# [TASK MATERIAL]
*** Begin section ***

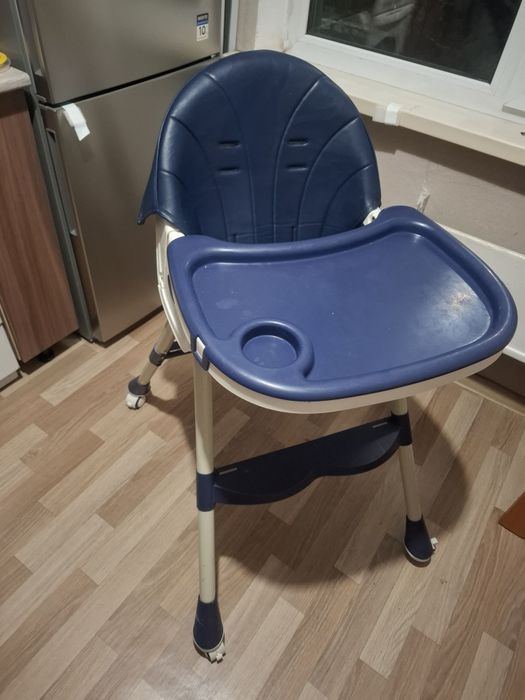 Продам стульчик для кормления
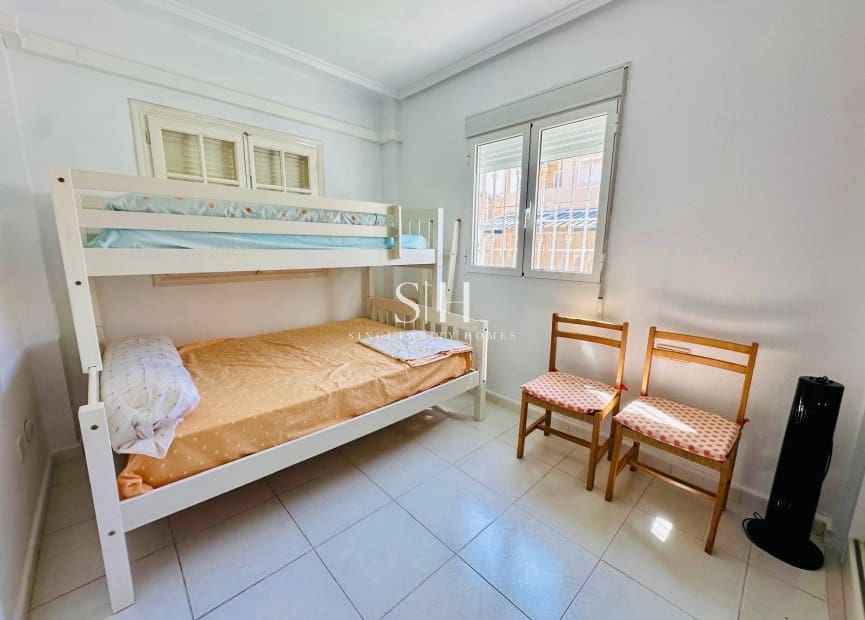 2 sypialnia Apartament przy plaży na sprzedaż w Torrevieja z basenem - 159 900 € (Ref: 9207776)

*** End section ***
*** Begin section ***

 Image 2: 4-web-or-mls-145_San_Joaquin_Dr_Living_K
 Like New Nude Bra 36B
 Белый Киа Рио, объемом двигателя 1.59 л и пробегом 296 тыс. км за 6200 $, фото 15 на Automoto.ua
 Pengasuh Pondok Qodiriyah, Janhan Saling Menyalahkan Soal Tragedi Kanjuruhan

*** End section ***
*** Begin section ***

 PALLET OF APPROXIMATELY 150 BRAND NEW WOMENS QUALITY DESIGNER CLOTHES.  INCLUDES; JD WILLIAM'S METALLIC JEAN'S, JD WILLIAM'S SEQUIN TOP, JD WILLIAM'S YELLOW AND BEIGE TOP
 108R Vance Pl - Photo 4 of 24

*** End section ***

# [TASK REQUIREMENTS]
Only one part of the listing is wanted: the lines from the one containing "Продам стульчик для кормления" through the one containing "2 sypialnia Apartament", both included. Please transcribe it exactly, leaving out the pictures.

# [ANSWER BOX]
 Продам стульчик для кормления
 2 sypialnia Apartament przy plaży na sprzedaż w Torrevieja z basenem - 159 900 € (Ref: 9207776)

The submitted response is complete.